Wednesday, September 11, 2013
patience, process, progress, peace
{day four of the sand mandala}
when i was a child our family car was a source of embarrassment for me. it was a huge lumbering brown cadillac with an 8-track player and four very large doors. that wasn't the embarrassing part. my mom put a bumper sticker on the back that read, "please be patient god isn't finished with me yet", complete with cartoon person in all her hapless happy glory. i despised that cartoon person's inability (or intention) to get with the program. in a counter-intuitive way, this bumper sticker may be the foundation of my lifelong issues with perfectionism.

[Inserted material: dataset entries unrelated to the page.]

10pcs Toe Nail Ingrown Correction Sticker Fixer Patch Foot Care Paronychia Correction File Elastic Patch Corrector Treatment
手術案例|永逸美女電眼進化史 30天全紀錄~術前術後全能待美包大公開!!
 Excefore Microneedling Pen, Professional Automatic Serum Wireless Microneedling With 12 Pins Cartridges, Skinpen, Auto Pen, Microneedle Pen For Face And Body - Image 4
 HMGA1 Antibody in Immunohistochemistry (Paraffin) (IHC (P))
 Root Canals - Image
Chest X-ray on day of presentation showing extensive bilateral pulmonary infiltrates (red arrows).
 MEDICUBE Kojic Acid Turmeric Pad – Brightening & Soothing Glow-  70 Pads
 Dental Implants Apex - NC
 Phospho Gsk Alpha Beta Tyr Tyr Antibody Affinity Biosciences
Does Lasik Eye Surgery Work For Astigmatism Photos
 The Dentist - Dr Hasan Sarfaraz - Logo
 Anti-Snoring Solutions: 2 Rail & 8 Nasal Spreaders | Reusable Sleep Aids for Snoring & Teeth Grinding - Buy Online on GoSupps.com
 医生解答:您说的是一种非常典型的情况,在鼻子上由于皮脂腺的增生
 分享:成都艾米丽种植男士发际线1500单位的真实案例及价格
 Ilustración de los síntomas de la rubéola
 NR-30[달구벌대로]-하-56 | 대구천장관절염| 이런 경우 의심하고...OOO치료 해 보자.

yesterday i sat again in the peace of the college's chapel and watched the monks quietly at work on the sand mandala. and i started thinking about progress and how it never seems to unfold or look like you thought it would.
eighteen months ago, i became a vegetarian for the third time in my life. this time around the decision was made because of mostly ethical reasons. i could not in good conscious eat animals when i loved them so much. and i wanted to feel some political power in a world where i feel mostly politically powerless by saying no to inhumane and unhealthy food processing. i felt really really good about this decision and was very proud of myself.
in the last few months, i was surprised by the increasing frequency of cravings for animal product in conjunction with really low energy. i tried upping my intake of plant-based iron and protein and increasing my b12 supplementation. to no avail. also, as with the other times i was vegetarian, there was the slow weight gain.
i slowly added more eggs into my diet. then fish once a week. i witnessed that i felt much more whole on the days i ate fish. last month, i totally caved and ate a hamburger (an organic hamburger from a local humane source). i was amazed at the almost instant response in my body. i can only think of the word wholeness to describe it.
but while i felt whole, i also felt shame. and disappointment in myself for not being disciplined, clean, ethical, etc. i thought maybe it was a phase and i could go on identifying as a vegetarian (an identity that i love). but deep down i knew that this was a connection i was going to have to let go. my body told me so.
so now what am i? conscious meat-eater? locavore?
maybe i am just a girl paying attention to her body and her needs and all the other junk that comes with that is part of the process. by maintaining awareness, witnessing my own process, being patient and remaining open to how things unfold, i can be in progress without being that "unfinished" hapless cartoon person on the back of the cadillac.
i am really looking for peace, not perfection.